1.3 RESEARCH QUESTIONS
In view of the above stated problems, my research questions for this
study are as follows:
What is the composition of working capital items in Nigeria banks?
What have been the end-results of working capital management in Nigeria
banks?
Have these components of working capital well managed?
1.4 OBJECTIVES
OF THE STUDY
In dealing with the above research questions, the
study seeks to achieve the following objectives; To examine the composition of
working capital items in Nigeria banks.
To examine the adequacy of working capital management in Nigeria banks.
To ascertain if the components of working capital are well managed.
1.5 SCOPE OF THE STUDY
This research attempts to study
the working capital management among Nigeria banks.
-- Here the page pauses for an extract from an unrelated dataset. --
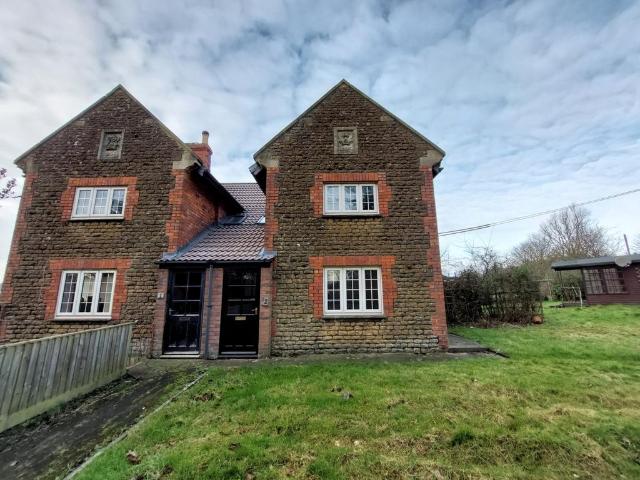 Calne, Wiltshire 3 bed semi detached house to rent £1,500 pcm £346 pw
The study covers all the
commercial banks in Nigeria from 2000-2010 excluding two expatriate banks whose
annual reports and financials are in dollars, viz, Citibank and Standard
chattered Bank.
1.6 SIGNIFICANCE OF THE STUDY
Although much have been written
about banks’ working capital management and liquidity management, the
significant of this study can be viewed from two major standpoints- practical
and academic.
Practical significance
The bank directors, corporate bodies and management that want to embark
on banks’ working capital management and liquidity management will find useful
information in this work.
For bankers in general, it will broaden their scope of knowledge on
working capital elements, management, optimization and risk management.
Academic Significance
In the academic arena, this research will prove to be significant in the
following ways:
It will serve the purpose of arousing deep thoughts and genuine interest
on the subject matter for further research.
It will contribute to the enrichment of the literature on working capital
management.
It will suggest ways (of interest to academics) based on empirical
evidence of enhancing working capital management
1.7 DEFINITION OF TERMS
WORKING CAPITAL: (abbreviated WC) is a financial metric which represents operating liquidity available to a business, organization or other entity, including
governmental entity.
MANAGEMENT: The act or manner of guiding or taking charge, handling,
directing or control.
OVERCAPITALIZATION: is a state where earnings are not sufficient to
justify the fair return on the amount of share capital which has been issued by
the company UNDERCAPITALIZATION: is a state where the capital which is owned by
the business is much less than the borrowed capital.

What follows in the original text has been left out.